# $\epsilon$-Differential Privacy
*Synonyms*: $\epsilon$-indistinguishability.
## In brief
**$\epsilon$-Differential Privacy** is the simpler form of {doc}`L2.differential_privacy`, where $\epsilon$ represents the level of privacy guarantee.
## More in Detail
### The Statistical Databases Context
The seminal $\epsilon$-differential privacy model lays down the basic
notions related to differential privacy by formalizing the intuitive
requirement that *the possible impact of any single individual on the
output of a differentially private function must be limited* (see
{doc}`./L2.differential_privacy`). The initial $\epsilon$-differential
privacy model focuses on the context of statistical databases: the
private dataset is a table $\mathcal{D}$ in which each individual
contributes at most one record, the system answers interactively to a
sequence of statistical queries over $\mathcal{D}$ (e.g., a sequence
of queries containing counts, sums, averages, *etc*), and the
$\epsilon$-differential privacy model aims at limiting the information
leakage about the private dataset.
### Formalizing Differential Privacy
In a nutshell, the $\epsilon$-differential privacy model requires that
the presence/absence of any *possible* individual does not shift any
output probability by more than a factor of $e^\epsilon$. More
precisely, a *random function* $\mathtt{f}$ with range $\mathcal{O}$
satisfies $\epsilon$-differential privacy if and only if for all
possible pairs of datasets ($\mathcal{D}$, $\mathcal{D}'$) such that
$\mathcal{D}'$ is $\mathcal{D}$ with *one record more or one record
less*, and for all $\mathcal{S} \subseteq \mathcal{O}$, then it holds
that: $\mathtt{Pr} [ \mathtt{f} ( \mathcal{D} ) \in \mathcal{S} ] \leq
e^\mathbf{\epsilon} \times \mathtt{Pr} [ \mathtt{f} ( \mathcal{D}' )
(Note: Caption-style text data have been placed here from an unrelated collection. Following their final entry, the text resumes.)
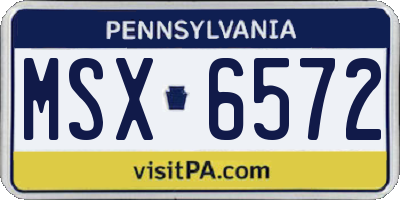 PA license plate MSX6572
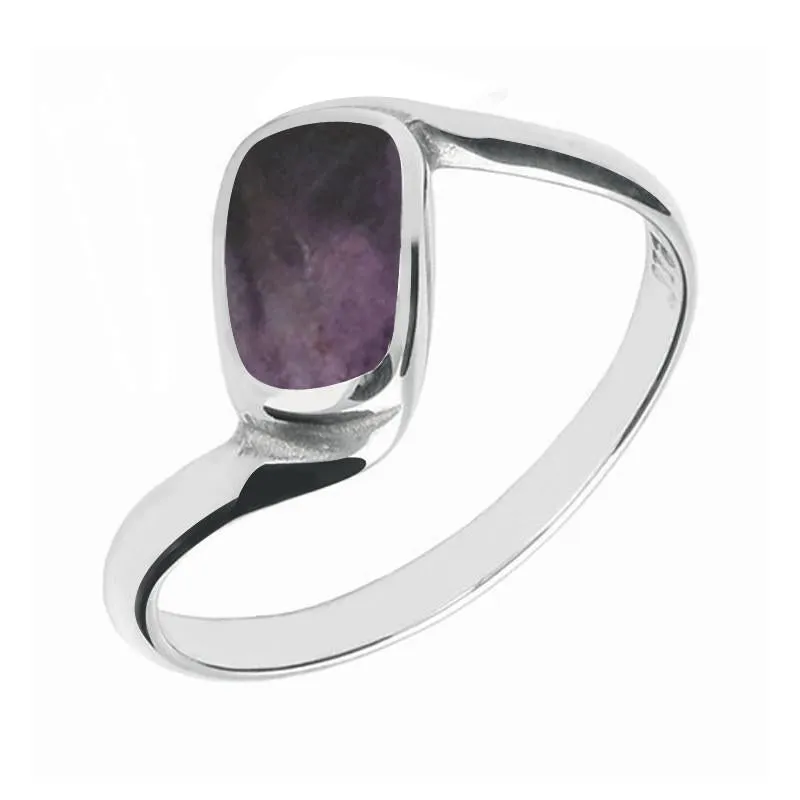 Sterling Silver Blue John Oblong Twist Ring sold by Jura Watches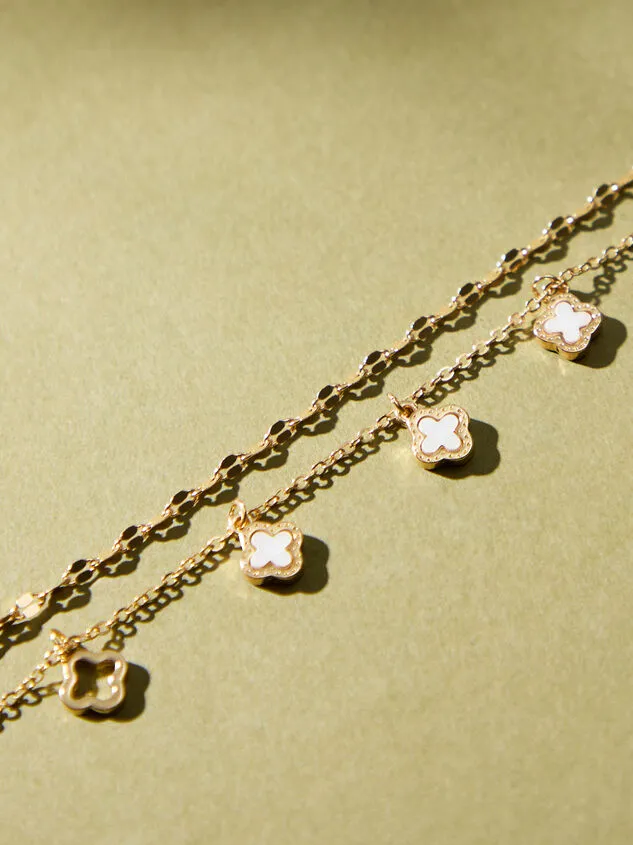 Layered Clover Charm Bracelet Gold Women Altar039d State Bracelets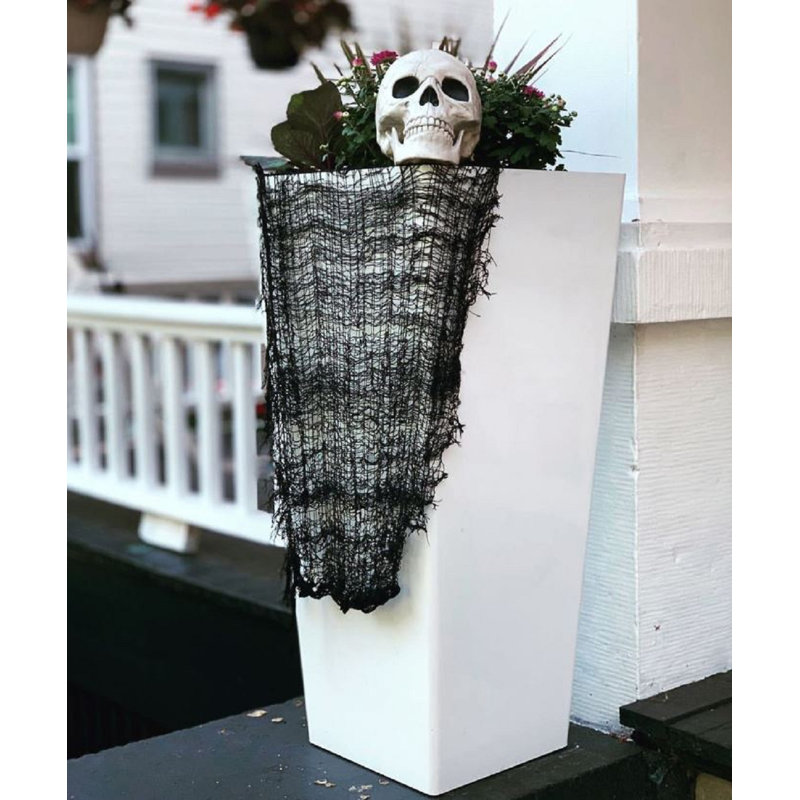 32" H Cascade Square Tall Planter, Glossy White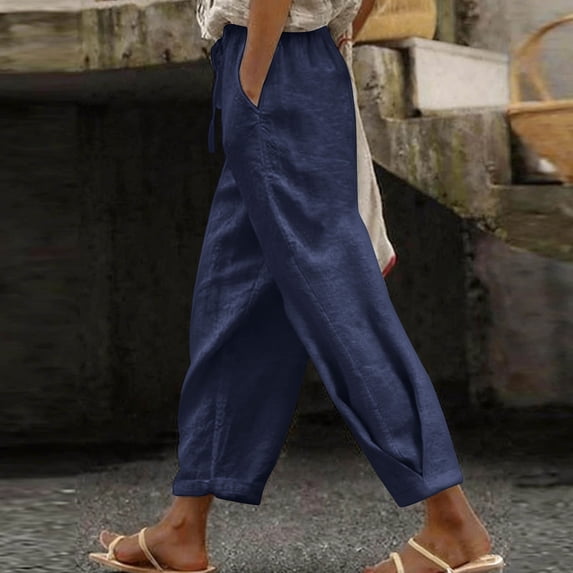 Women's Cotton Linen Drawstring Pants Casual Solid Color Loose Pants Beach Wide Leg Trousers With Pocket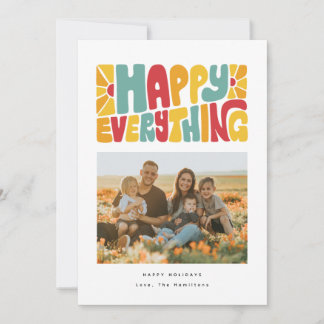 Happy Everything Retro Bubble Letters Photo Card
\in \mathcal{S} ]$ where $\epsilon>0$ is the privacy parameter.
Let us comment the above definition. First, the function $\mathtt{f}$
can be any arbitrary function, including the usual statistical
functions (e.g., counts, sums) but not restricted to them. Second, the
pairs of datasets whose output distributions must not differ too much
are taken from the full space of the possible datasets; they are not
derived from the actual private dataset. Third, the impact of an
individual is defined based on the presence (or absence) of his/her
record in (or from) any possible dataset. Pairs of datasets that
differ on the presence/absence of a single record are called
*neighboring datasets*. Note that variants might exist (e.g., by
considering that neighboring datasets are datasets that differ on the
value of a single row). Fourth, the value of $\epsilon$ sets the
tolerance of the model to the possible impacts of individuals on the
output of $\mathtt{f}$: the lower the $\epsilon$ the more stringent
the requirement. Common values range from $\epsilon=0.01$ to
$\epsilon=10$.
Please see {doc}`./L2.perturbation_mechanisms` for a synthesis of
**how** common functions can be adapted in order to satisfy
$\epsilon$-differential privacy.
### Self-Composability and Safety Under Post-Processing
The $\epsilon$-differential privacy model is self-composable as
follows. The *parallel composition* of two functions, respectively
satisfying $\epsilon_1$-differential privacy and
$\epsilon_2$-differential privacy, satisfies $\max (\epsilon_1,
\epsilon_2)$-differential privacy. Their *sequential composition*
satisfies $(\epsilon_1 + \epsilon_2)$-differential privacy. The
$\epsilon$-differential privacy model is as well convex and safe under
post-processing.
## Bibliography
The $\epsilon$-differential privacy model was introduced in
{cite:p}`Dwork2006DifferentialP` and the
$\epsilon$-indistinguishability model in
{cite:p}`Dwork2006CalibratingNT`.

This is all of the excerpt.